25 Jan 2013

Hari ke-20: Lapar

Masih lekat terbayang wajah-wajah yang bergerak hilir mudik dari semalam. Meski aku hanya tertunduk lesu dengan menengadahkan tangan, aku bisa melihat wajah lusuh mereka yang muak melihat orang macam aku di jalanan. Aku terduduk lesu bukan karena malas berjalan atau sekedar bernyanyi sambil sedikit bergoyang. Lebih dari itu. Ususku kaku. Tenggorokanku terbakar. Kepalaku pening tidak karuan. Aku lapar. Dua hari belum makan. Hanya minum setegukan dari hasil mengorek sisa air mineral di jalanan. Apa hidupku begitu menyedihkan?

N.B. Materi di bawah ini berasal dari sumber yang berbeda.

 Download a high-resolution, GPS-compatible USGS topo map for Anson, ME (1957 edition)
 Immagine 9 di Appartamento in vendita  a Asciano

"Ini ada nasi bungkus, kamu makan ya. Ini juga ada sedikit uang. Sana gunakan untuk keperluanmu", katanya lembut namun tegas. Dia segera berlalu. Aku yang masih tertegun, bercampur kaget dan terharu hanya bisa terdiam sampai dia sudah tidak kelihatan di pelupuk mataku. Lupa mengucapkan rasa syukur dan terima kasihku. Bu, siapapun kamu, aku mendoakan kesehatanmu.

Kulahap makananku dengan cepat. Aku bisa melihat diriku yang sedang makan seperti orang kerasukan. Aku tidak begitu peduli. Aku lapar. Dan logika tanpa logistik tidak akan pernah jalan. Kata siapa hidup di jalanan itu keras. Hidup di jalanan itu sangat amat keras. Kami tidak diperdulikan oleh orang yang tidak kami kenal. Kami bahkan dianggap sampah. Tapi kami saling memiliki satu sama lain. Karena satu-satunya yang kami punya hanya diri sendiri dan teman sepenanggungan. Kalau tidak ada, berarti kami sendirian. Oh, aku lupa. Aku masih punya Tuhan yang akan memeluk orang macam aku lewat tangan-tangan orang dermawan.